(Data entries)
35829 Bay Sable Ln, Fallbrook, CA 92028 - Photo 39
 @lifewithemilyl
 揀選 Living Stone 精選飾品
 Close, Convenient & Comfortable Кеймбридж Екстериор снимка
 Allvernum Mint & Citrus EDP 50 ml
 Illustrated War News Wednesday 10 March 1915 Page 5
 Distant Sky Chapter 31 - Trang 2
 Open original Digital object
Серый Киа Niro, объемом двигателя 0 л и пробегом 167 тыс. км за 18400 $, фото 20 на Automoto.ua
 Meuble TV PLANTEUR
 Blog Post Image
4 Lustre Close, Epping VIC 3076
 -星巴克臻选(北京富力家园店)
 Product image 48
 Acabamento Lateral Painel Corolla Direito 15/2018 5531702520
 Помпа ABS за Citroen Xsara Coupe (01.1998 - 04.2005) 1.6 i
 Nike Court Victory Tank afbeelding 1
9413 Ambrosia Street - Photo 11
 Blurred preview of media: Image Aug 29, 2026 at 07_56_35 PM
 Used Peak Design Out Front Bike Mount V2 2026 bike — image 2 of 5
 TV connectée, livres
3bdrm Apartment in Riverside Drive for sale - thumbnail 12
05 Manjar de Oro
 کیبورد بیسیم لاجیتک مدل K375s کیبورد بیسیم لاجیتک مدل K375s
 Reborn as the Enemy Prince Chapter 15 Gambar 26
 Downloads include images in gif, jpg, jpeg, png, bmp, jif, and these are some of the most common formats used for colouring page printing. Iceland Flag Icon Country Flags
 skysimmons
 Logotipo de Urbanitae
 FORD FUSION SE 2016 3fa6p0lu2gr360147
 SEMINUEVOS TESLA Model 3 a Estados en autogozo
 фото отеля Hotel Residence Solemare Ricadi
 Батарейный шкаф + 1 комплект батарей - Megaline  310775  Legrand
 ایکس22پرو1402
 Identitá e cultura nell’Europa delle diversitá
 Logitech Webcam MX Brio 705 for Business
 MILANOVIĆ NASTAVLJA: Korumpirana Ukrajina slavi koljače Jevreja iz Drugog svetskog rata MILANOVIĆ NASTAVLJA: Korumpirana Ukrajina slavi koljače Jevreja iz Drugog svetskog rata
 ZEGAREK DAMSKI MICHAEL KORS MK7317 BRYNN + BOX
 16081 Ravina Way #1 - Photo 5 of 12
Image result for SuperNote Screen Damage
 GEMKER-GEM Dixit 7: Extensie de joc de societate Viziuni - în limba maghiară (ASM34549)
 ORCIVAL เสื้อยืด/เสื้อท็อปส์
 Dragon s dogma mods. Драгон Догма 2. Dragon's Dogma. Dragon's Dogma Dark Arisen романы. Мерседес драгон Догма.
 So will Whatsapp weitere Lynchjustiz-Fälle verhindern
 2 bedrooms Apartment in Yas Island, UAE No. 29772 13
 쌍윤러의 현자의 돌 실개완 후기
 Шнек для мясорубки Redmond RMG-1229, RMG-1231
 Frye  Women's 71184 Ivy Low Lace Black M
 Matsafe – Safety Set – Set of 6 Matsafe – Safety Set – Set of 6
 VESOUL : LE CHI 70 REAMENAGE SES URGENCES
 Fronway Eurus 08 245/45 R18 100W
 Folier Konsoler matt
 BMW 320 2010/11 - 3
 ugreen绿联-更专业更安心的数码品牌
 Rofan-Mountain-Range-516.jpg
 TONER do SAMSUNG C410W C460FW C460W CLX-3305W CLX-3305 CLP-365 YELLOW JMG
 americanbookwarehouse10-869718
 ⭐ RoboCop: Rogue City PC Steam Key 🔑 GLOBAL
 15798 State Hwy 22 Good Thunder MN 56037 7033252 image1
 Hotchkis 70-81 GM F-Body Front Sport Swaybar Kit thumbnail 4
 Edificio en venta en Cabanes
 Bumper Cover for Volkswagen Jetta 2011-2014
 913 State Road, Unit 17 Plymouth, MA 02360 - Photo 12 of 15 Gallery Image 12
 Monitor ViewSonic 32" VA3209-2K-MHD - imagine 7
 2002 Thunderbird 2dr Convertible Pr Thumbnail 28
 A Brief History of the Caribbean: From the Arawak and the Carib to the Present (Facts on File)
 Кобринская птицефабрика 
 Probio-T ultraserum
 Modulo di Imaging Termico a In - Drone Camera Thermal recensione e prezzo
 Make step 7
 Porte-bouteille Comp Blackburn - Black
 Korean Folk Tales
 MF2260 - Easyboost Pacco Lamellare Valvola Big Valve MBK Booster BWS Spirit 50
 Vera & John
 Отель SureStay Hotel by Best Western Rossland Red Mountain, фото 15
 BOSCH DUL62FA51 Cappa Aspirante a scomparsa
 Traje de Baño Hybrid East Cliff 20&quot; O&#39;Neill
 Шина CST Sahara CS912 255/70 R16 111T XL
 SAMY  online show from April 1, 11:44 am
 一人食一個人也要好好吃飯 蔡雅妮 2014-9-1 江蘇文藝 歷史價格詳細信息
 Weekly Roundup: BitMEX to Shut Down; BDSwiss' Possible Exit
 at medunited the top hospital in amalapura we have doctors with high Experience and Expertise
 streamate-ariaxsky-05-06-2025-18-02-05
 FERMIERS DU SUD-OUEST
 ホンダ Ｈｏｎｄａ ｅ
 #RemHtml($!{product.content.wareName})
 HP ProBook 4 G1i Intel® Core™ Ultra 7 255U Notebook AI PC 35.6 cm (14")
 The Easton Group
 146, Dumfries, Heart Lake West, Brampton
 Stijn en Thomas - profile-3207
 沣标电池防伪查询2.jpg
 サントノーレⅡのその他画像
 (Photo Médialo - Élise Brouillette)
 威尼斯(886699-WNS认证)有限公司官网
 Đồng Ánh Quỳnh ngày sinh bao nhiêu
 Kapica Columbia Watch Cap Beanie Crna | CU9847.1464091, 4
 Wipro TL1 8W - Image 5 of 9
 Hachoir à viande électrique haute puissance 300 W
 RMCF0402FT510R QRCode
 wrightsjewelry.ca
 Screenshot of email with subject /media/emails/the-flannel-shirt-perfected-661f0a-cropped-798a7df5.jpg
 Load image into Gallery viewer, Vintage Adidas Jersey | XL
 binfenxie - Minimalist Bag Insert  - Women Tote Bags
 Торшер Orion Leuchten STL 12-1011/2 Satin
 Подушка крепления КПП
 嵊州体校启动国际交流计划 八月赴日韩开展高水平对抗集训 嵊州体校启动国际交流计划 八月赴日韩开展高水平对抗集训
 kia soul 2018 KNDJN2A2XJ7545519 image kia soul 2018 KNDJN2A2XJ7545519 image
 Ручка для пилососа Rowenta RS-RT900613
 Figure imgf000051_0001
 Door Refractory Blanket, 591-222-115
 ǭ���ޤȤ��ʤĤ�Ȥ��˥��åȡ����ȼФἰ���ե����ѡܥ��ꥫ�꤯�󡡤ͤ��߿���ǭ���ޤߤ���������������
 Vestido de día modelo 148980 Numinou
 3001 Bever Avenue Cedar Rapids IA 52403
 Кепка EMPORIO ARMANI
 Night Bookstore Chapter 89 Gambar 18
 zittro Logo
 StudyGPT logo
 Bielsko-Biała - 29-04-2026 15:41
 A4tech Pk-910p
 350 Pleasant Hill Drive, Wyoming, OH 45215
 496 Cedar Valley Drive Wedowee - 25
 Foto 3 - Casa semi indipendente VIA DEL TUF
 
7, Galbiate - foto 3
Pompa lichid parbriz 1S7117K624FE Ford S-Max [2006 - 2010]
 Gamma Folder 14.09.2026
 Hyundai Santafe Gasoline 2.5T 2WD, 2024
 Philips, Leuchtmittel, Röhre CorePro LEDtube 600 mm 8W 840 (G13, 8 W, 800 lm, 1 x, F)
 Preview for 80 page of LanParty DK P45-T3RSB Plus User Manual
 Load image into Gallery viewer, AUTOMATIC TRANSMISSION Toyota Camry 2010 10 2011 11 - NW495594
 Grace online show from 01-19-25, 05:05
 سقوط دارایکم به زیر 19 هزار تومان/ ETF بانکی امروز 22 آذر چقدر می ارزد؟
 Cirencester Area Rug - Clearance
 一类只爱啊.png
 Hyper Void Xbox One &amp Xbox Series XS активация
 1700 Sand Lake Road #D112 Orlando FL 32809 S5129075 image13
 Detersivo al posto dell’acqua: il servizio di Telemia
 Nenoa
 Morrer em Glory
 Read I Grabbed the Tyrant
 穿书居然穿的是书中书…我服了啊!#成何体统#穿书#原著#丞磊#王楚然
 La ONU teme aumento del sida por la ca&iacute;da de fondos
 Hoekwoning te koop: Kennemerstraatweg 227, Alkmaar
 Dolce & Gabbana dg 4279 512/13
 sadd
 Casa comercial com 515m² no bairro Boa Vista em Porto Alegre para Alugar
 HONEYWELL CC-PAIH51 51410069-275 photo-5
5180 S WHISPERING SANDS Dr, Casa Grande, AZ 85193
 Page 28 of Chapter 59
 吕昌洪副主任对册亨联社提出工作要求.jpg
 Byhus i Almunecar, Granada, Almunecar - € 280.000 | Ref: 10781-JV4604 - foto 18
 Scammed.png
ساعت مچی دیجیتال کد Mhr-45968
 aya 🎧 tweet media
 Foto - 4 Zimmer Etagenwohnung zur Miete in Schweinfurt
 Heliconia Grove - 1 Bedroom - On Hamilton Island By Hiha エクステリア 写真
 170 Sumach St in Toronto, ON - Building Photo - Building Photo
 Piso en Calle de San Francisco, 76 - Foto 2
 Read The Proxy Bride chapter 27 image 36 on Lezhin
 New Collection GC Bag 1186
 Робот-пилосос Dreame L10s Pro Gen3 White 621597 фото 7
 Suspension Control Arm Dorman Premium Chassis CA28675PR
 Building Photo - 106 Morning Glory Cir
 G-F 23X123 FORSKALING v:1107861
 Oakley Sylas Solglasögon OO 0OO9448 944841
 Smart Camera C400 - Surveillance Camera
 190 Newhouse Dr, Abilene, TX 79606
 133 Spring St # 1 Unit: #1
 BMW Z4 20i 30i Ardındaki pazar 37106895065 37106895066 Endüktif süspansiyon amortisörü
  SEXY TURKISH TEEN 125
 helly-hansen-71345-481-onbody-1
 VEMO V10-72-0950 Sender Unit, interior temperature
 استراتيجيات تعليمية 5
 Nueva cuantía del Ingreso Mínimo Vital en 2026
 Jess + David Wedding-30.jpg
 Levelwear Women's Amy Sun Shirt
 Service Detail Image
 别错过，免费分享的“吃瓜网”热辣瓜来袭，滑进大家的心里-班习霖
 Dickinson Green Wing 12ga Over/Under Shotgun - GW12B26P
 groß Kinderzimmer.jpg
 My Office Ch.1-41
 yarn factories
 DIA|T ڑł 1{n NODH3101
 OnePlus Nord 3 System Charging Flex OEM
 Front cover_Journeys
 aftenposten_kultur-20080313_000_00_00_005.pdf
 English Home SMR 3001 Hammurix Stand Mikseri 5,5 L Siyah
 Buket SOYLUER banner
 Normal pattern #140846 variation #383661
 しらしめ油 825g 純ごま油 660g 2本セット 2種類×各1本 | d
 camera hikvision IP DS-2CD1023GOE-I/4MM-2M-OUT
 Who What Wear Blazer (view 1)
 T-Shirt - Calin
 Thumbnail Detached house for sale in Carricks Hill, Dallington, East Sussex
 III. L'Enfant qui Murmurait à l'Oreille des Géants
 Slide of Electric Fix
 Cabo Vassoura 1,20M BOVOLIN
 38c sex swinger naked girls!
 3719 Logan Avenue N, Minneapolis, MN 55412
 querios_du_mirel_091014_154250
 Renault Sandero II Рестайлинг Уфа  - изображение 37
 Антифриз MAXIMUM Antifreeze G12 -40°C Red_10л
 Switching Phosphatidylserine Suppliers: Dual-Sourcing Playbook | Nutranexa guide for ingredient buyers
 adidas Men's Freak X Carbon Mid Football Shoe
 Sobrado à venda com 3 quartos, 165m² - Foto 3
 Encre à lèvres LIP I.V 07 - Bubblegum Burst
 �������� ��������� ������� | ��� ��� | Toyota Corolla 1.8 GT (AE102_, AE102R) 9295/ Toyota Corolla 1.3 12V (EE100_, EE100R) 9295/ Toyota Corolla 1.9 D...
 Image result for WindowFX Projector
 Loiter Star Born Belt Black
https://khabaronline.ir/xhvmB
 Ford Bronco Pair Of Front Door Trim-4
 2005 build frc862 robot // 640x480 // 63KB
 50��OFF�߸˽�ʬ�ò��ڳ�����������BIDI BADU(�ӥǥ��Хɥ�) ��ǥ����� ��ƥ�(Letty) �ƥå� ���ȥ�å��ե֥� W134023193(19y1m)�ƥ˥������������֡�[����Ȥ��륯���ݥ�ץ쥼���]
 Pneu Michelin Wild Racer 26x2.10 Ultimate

- YOUR INSTRUCTIONS:
If the string "Casa" appears in a line of the entries, report the line.

- WRITTEN RESPONSE:
 Foto 3 - Casa semi indipendente VIA DEL TUF
 Casa comercial com 515m² no bairro Boa Vista em Porto Alegre para Alugar
5180 S WHISPERING SANDS Dr, Casa Grande, AZ 85193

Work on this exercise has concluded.